• **Input data**:
__________________________________________________
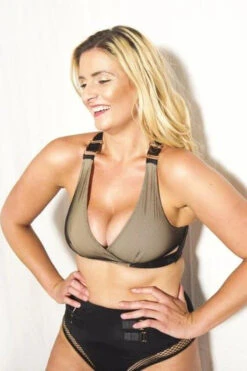 Tatiana Activewear Yuki Top - Black Mesh 21 Tatiana Activewear Yuki Top - Black Mesh -Pole Dance Clothing Shop Yuki Bra by Tatiana Active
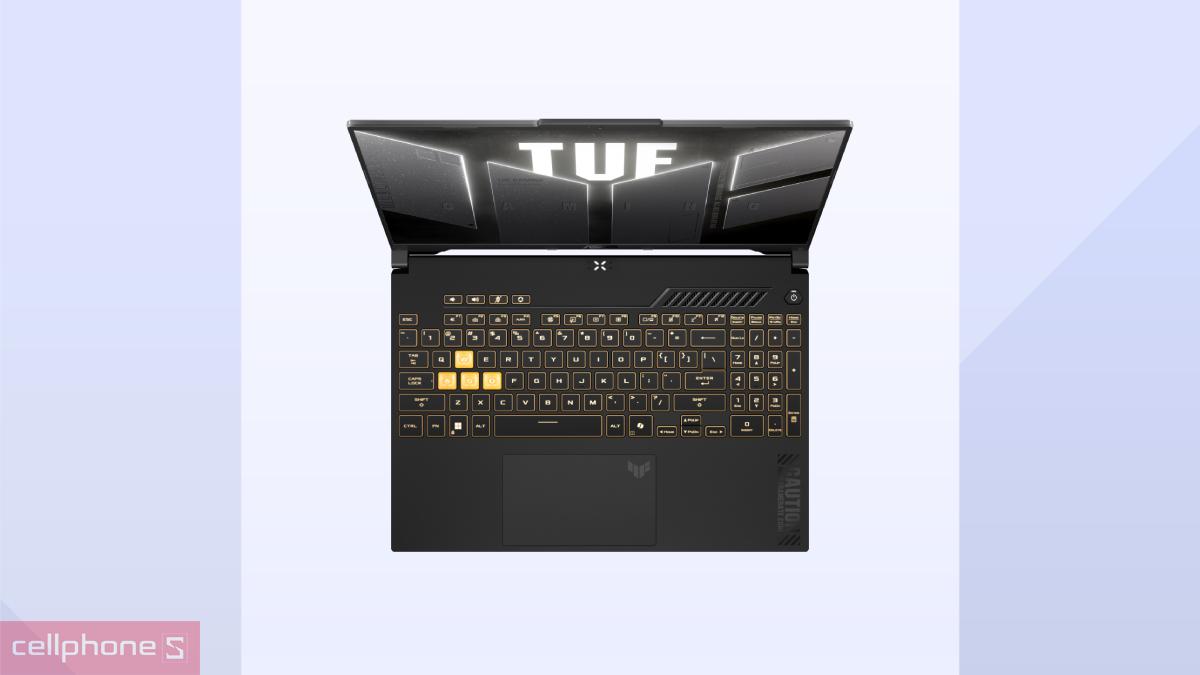 CPU laptop ASUS TUF Gaming F16 FX607VJR-TU320W
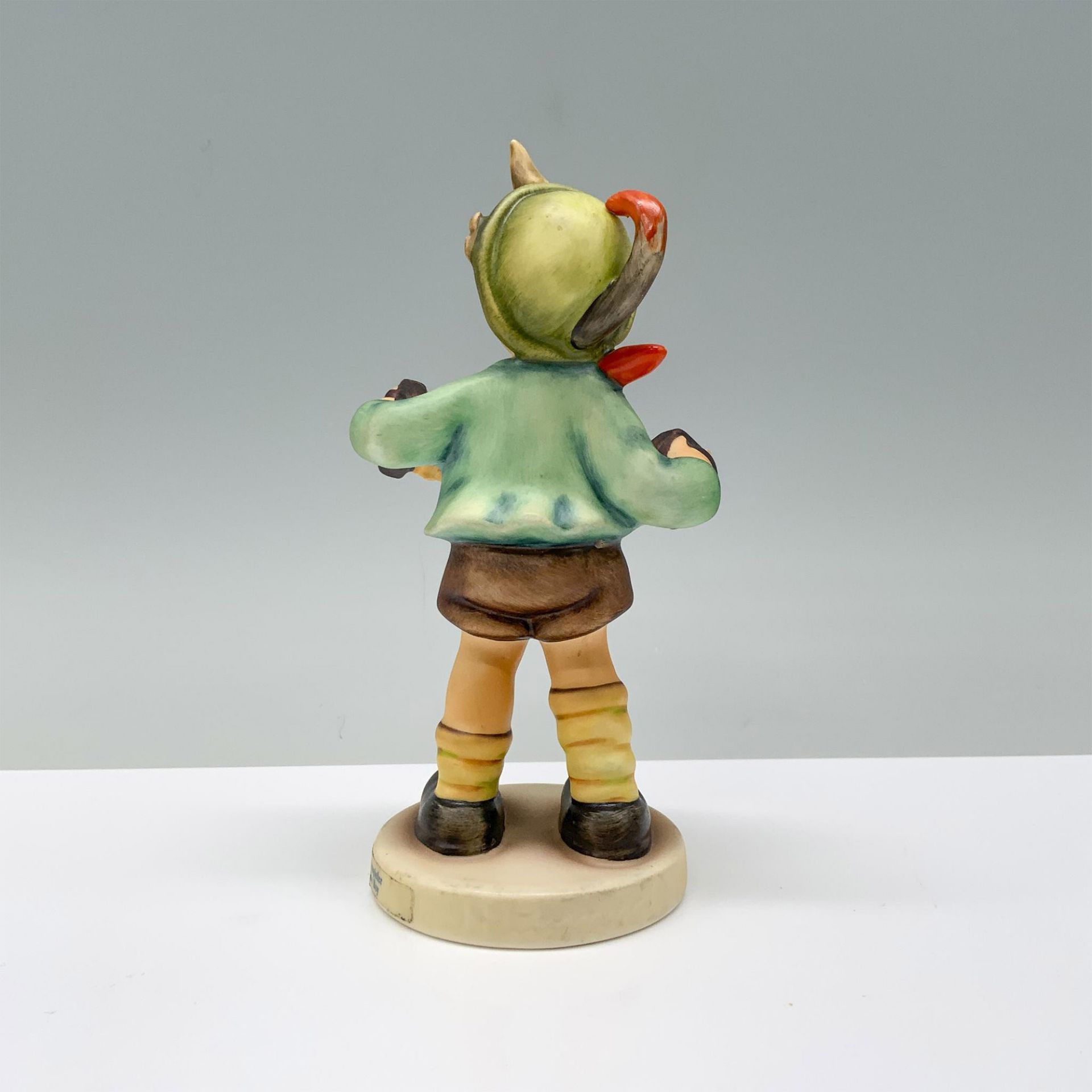 Goebel Hummel Porcelain Figurine, Accordion Boy - Image 2 of 3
__________________________________________________
• **Prompt**:
If a picture appears in the data, omit it; transcribe all the rest exactly.

• **Task response**:
 Tatiana Activewear Yuki Top - Black Mesh 21 Tatiana Activewear Yuki Top - Black Mesh -Pole Dance Clothing Shop Yuki Bra by Tatiana Active
 CPU laptop ASUS TUF Gaming F16 FX607VJR-TU320W
 Goebel Hummel Porcelain Figurine, Accordion Boy - Image 2 of 3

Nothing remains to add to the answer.